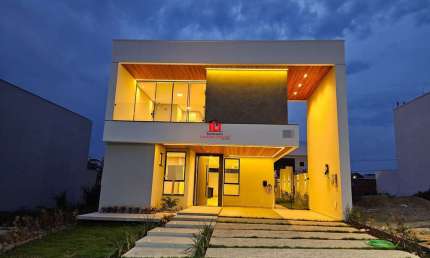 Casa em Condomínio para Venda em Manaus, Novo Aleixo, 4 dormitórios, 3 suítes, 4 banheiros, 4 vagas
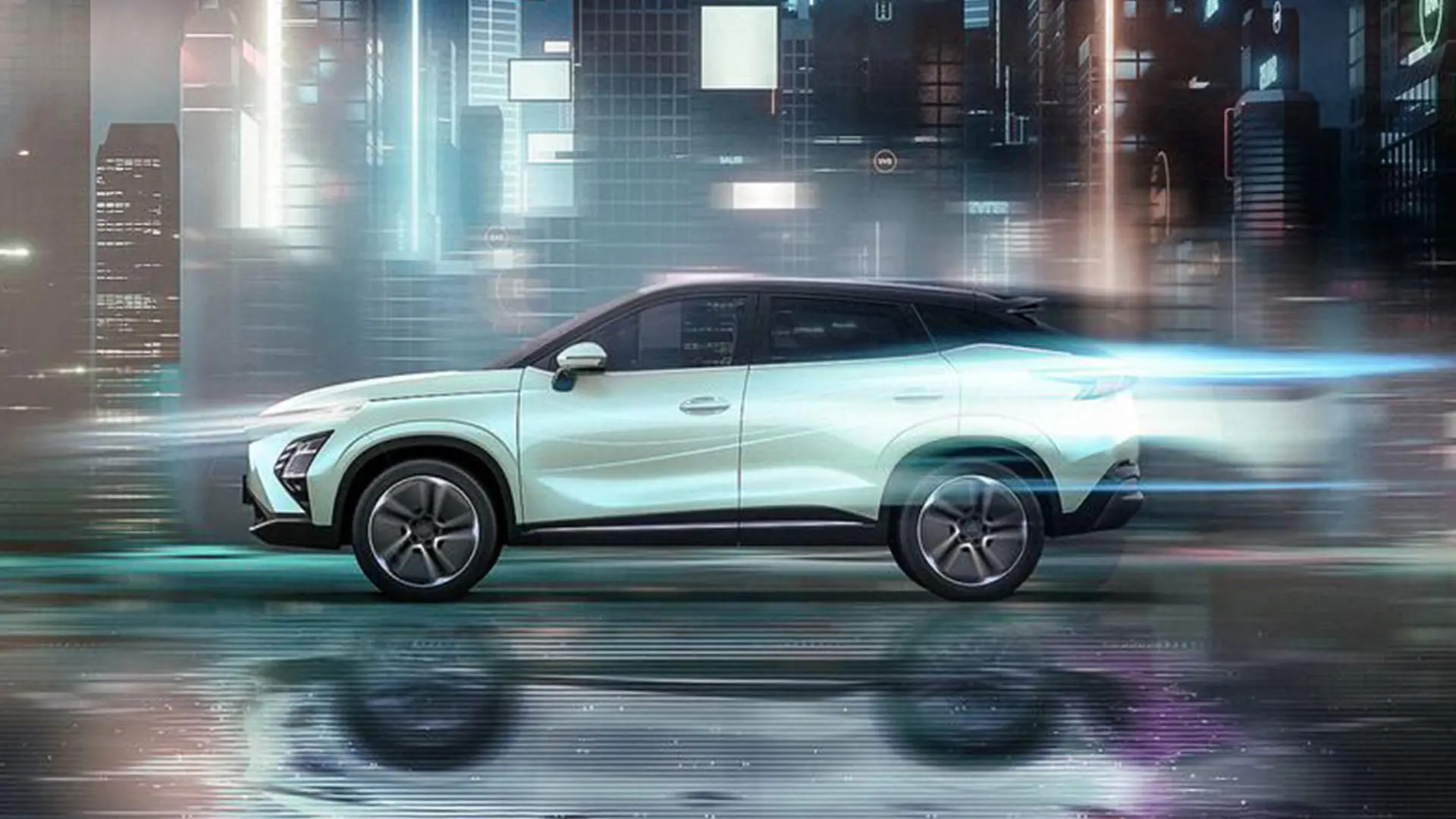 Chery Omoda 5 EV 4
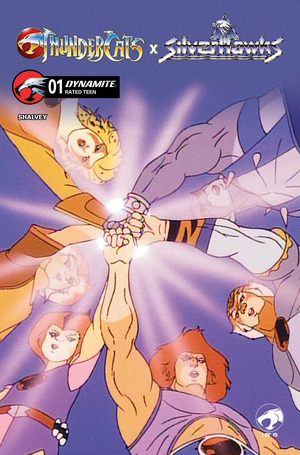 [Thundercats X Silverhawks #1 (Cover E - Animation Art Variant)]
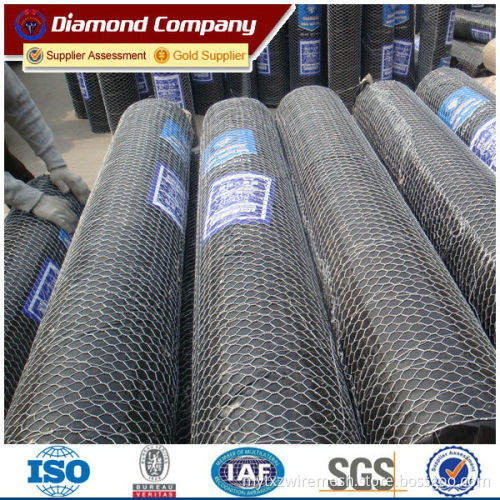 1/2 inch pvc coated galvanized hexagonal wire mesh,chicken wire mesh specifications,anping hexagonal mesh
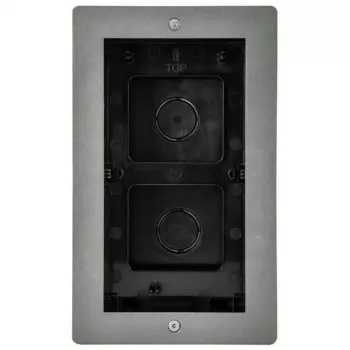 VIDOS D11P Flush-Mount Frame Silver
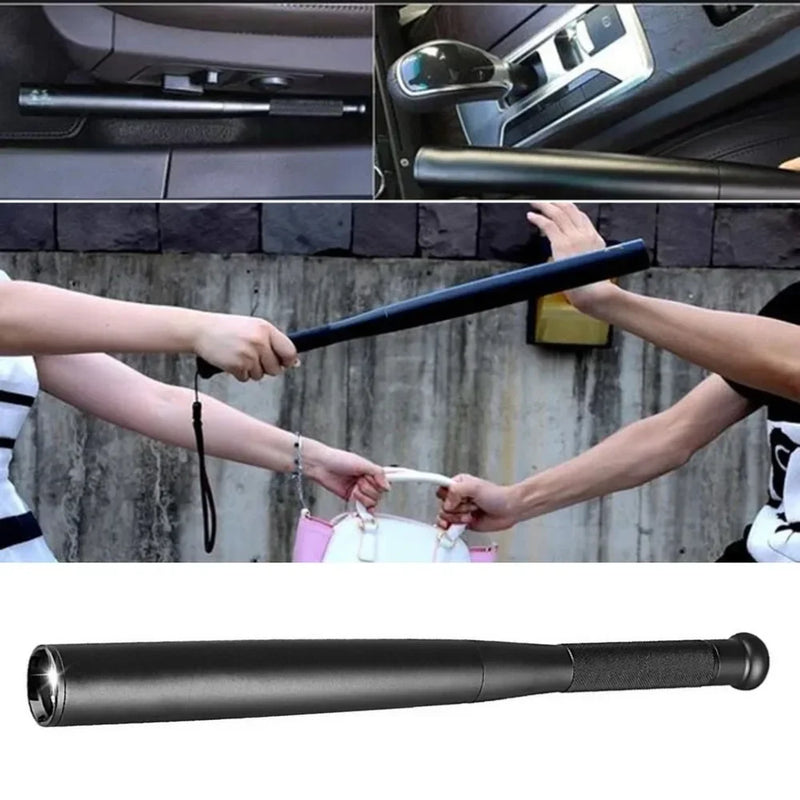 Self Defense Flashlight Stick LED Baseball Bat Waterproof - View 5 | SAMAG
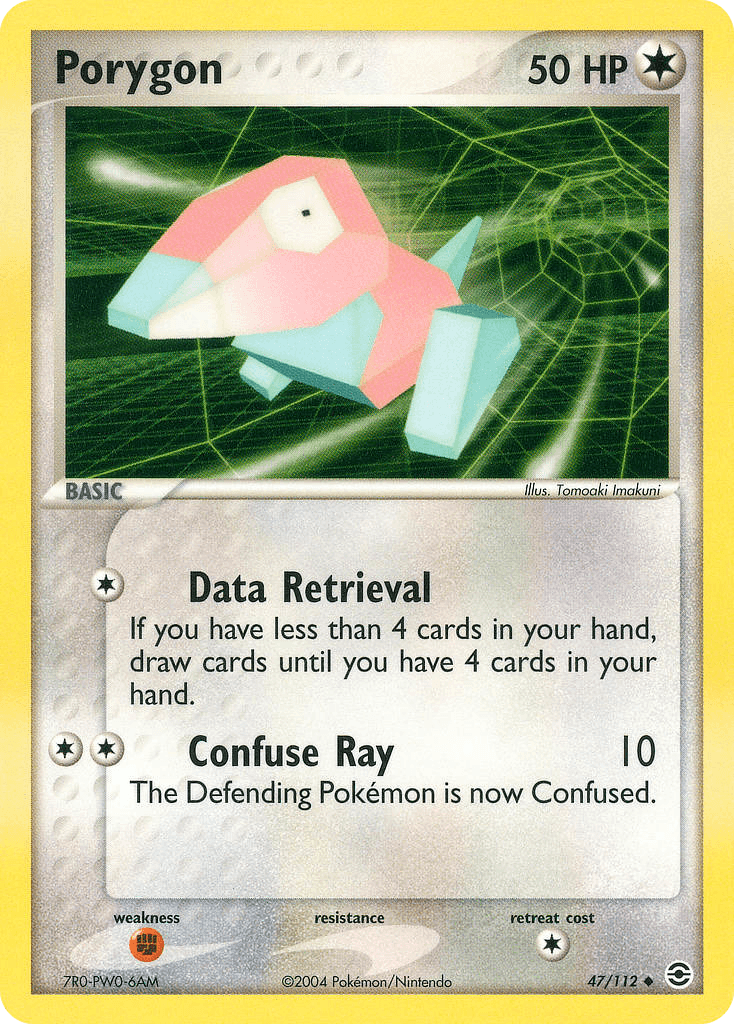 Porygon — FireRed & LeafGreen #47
--
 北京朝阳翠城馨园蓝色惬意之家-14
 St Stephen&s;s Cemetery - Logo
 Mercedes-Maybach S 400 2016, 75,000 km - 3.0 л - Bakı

## [Task]
In the entries above, find the line that contains "1/2 inch pvc" and the line that contains "Porygon — FireRed & LeafGreen #47". Reproduce exactly those two lines and every line between them, but not the pictures.

## [Result of the exercise]
 1/2 inch pvc coated galvanized hexagonal wire mesh,chicken wire mesh specifications,anping hexagonal mesh
 VIDOS D11P Flush-Mount Frame Silver
 Self Defense Flashlight Stick LED Baseball Bat Waterproof - View 5 | SAMAG
 Porygon — FireRed & LeafGreen #47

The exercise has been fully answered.